======== Supplied records ========

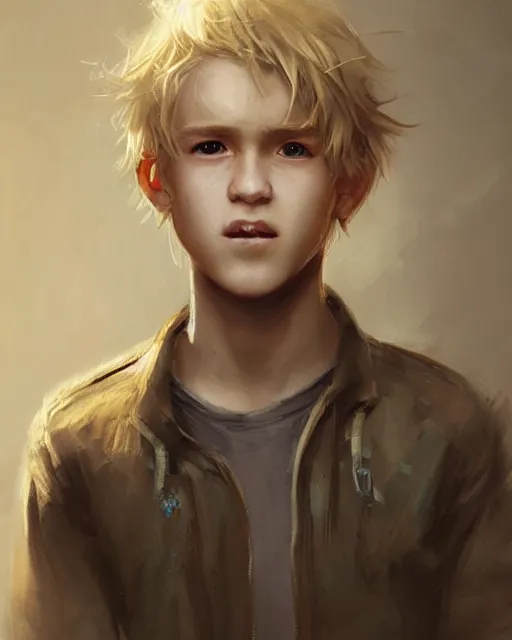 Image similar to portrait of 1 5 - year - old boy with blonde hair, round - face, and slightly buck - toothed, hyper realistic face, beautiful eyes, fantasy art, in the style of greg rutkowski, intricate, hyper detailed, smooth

========
======== Supplied records ========

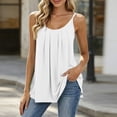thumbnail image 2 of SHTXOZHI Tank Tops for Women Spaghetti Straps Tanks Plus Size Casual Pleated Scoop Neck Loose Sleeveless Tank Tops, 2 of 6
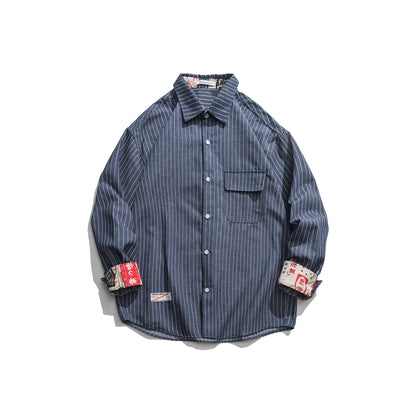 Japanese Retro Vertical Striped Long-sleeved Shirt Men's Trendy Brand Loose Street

========

» **What you should do**
Find where the line with "thumbnail image 2" sits in the material above and where the line with "Japanese Retro Vertical" sits. Set down exactly the lines from the first to the second, both included and nothing else, without pictures.

» **Expected output**
thumbnail image 2 of SHTXOZHI Tank Tops for Women Spaghetti Straps Tanks Plus Size Casual Pleated Scoop Neck Loose Sleeveless Tank Tops, 2 of 6
 Japanese Retro Vertical Striped Long-sleeved Shirt Men's Trendy Brand Loose Street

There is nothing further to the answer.